An AP consists of 50 terms and the $$50^{th}$$ term is equal to 106 and $$a_3 = 12$$

Using formula $$a_n = a + (n - 1)d$$ , to find nth term of arithmetic progression,

$$\Rightarrow a_{50}$$= a + (50 - 1)d, and
$$a_3$$= a + (3 - 1)d
$$\Rightarrow$$ 106 = a + 49d and,
12 = a + 2d

These are equations consisting of two variables.

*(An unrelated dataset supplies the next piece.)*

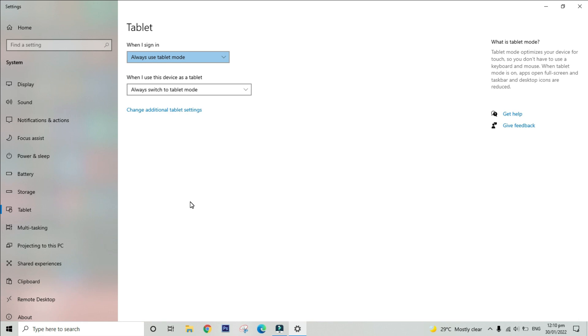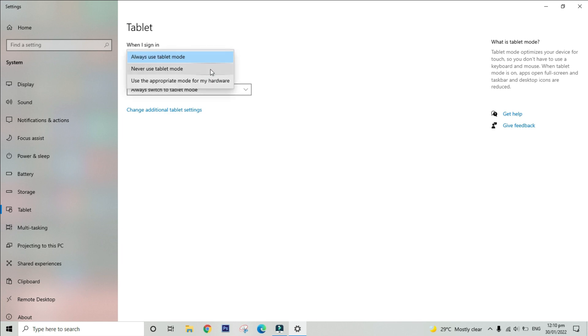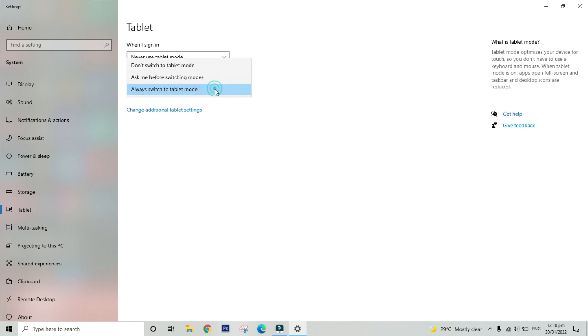In the when I sign in option, click the dropdown arrow and choose to never use tablet mode. And in the when I use this device as a tablet, click don't switch to tablet mode.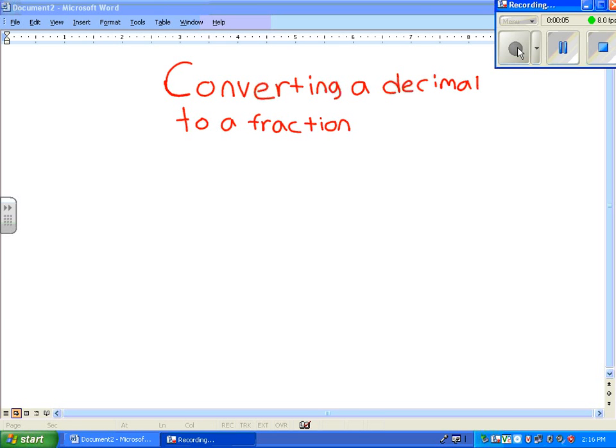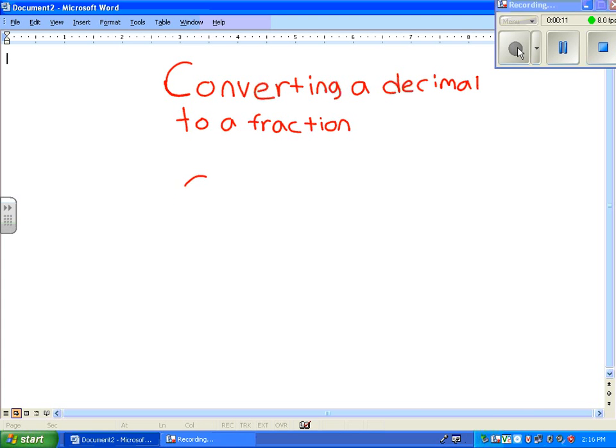Hi, my name is Lavelle, and this is James, and we are going to show you how to convert 0.6 into a fraction.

Using equation 106 = a + 49d,
we get a = 106 - 49d

Putting value of a in the equation 12 = a + 2d,

$$\Rightarrow$$ 12 = 106 - 49d + 2d
$$\Rightarrow$$ 47d = 94
$$\Rightarrow$$ d = 2

Putting value of d in the equation,
a = 106 - 49d,

a = 106 – 49 (2)
= 106 – 98 = 8

Therefore, First term = a = 8 and
Common difference = d = 2

To find $$29^{th}$$ term,
we use formula $$a_n = a + (n - 1)d$$ which is used to find nth term of arithmetic progression,

$$a_{29}$$
= 8 + (29 - 1) 2
= 8 + 56 = 64

Therefore, 29th term of AP is equal to 64.